Burning down the House
The most practically significant concession Kevin McCarthy made to get his lusted-for Speakership involves the enormously important role the House Rules Committee plays in advancing legislation:
Rep. Jim McGovern, D-Mass., the most recent Rules Committee chair, said that putting three Freedom Caucus members on the panel, which is typically split 7 to 4 between the parties, could thwart the new speaker’s ambitions.
“The reason these people want to be on the Rules Committee is they want to screw things up for McCarthy. They want to micromanage every single thing that he brings to the floor,” McGovern said. “He has given everything away, including his dignity, to try to become speaker. And if he becomes speaker, his nightmares just begin.”
“He thinks this is bad — what he’s going through right now? He ain’t seen nothing yet, based on what he’s giving away.”
Some in the GOP said there may be a way to prevent the Rules Committee from becoming a choke point for legislation most of the conference supports.
“Theoretically, you can accommodate that through increasing the size of the committee,” said Rep. Mark Amodei, R-Nev. “Everything’s possible.”
Rep.
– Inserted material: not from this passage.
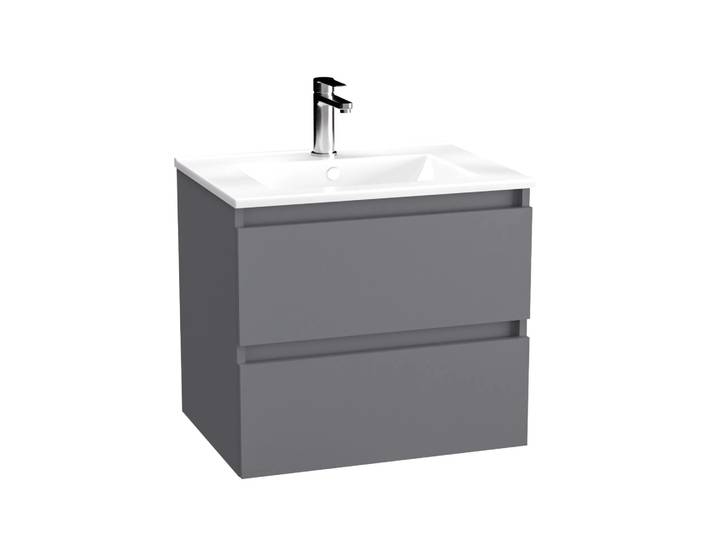 BADEDU GERS Waschbecken mit Unterschrank 60 cm breit, Grau, Waschbecken Keramik Weiß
Mario Díaz-Balart, R-Fla., said he isn’t worried about any one person being able to force a vote to vacate the speaker’s chair. “The reality is five Republicans right now can stop everything,” he said.
He said the rules would decentralize decision-making in the caucus. “It’s going to be difficult,” he said, while defending it as a better process than the speaker making all the decisions.
This is logical culmination of many decades of right wing propaganda about how “the government” is simply a bad thing. And the Republican party has been devolving toward this anarchic moment since Ronald Reagan nearly won the GOP nomination against a sitting president in 1976.